The following tables present a comparison of revenues ($ in millions), volumes (units in thousands), and average revenue per unit ($ per unit) by commodity group.
First Quarter
Revenues 2020 2019 % change
Merchandise:
Agriculture, forest and consumer products $ 551 $ 558 (1 %)
Chemicals 520 507 3 %
Metals and construction 367 370 (1 %)
Automotive 234 251 (7 %)
Merchandise 1,672 1,686 (1 %)
Intermodal 655 719 (9 %)
Coal 298 435 (31 %)
Total $ 2,625 $ 2,840 (8 %)

Units
Merchandise:
Agriculture, forest and consumer products 181.5 190.7 (5 %)
Chemicals 142.3 145.0 (2 %)
Metals and construction 154.9 164.4 (6 %)
Automotive 90.4 98.1 (8 %)
Merchandise 569.1 598.2 (5 %)
Intermodal 955.1 1,071.0 (11 %)
Coal 163.5 236.3 (31 %)
Total 1,687.7 1,905.5 (11 %)

Revenue per Unit
Merchandise:
Agriculture, forest and consumer products $ 3,036 $ 2,927 4 %
Chemicals 3,653 3,495 5 %
Metals and construction 2,370 2,255 5 %
Automotive 2,593 2,557 1 %
Merchandise 2,939 2,819 4 %
Intermodal 685 671 2 %
Coal 1,826 1,839 (1 %)
Total 1,556 1,490 4 %

At the beginning of 2020, we combined the agriculture products and forest and consumer commodity groups.

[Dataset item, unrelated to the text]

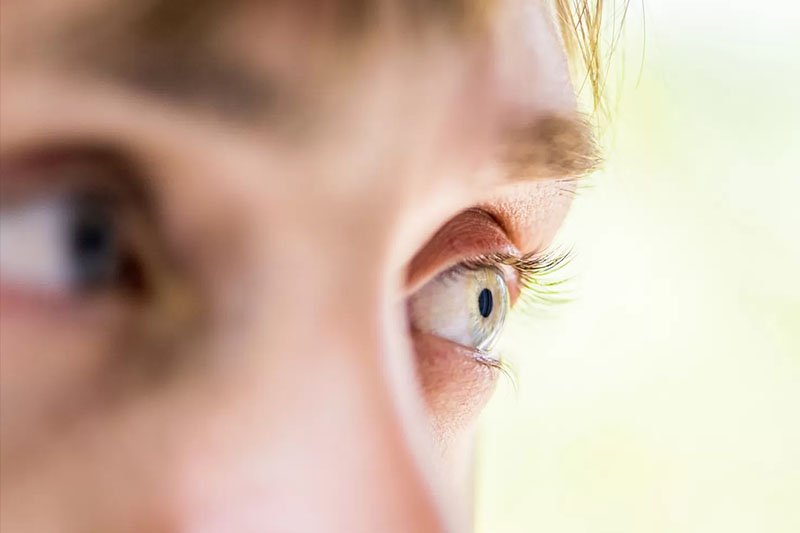 Symptoms of Keratoconus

In addition, we also made changes in the categorization of certain other commodity groups within Merchandise. Specifically, certain commodities were shifted between agriculture, forest, and consumer products; chemicals; and metals and construction. These changes were made as a result of organizational initiatives to better align with how we manage these commodities. Prior period railway operating revenues, units, and revenue per unit have been reclassified to conform to the current presentation.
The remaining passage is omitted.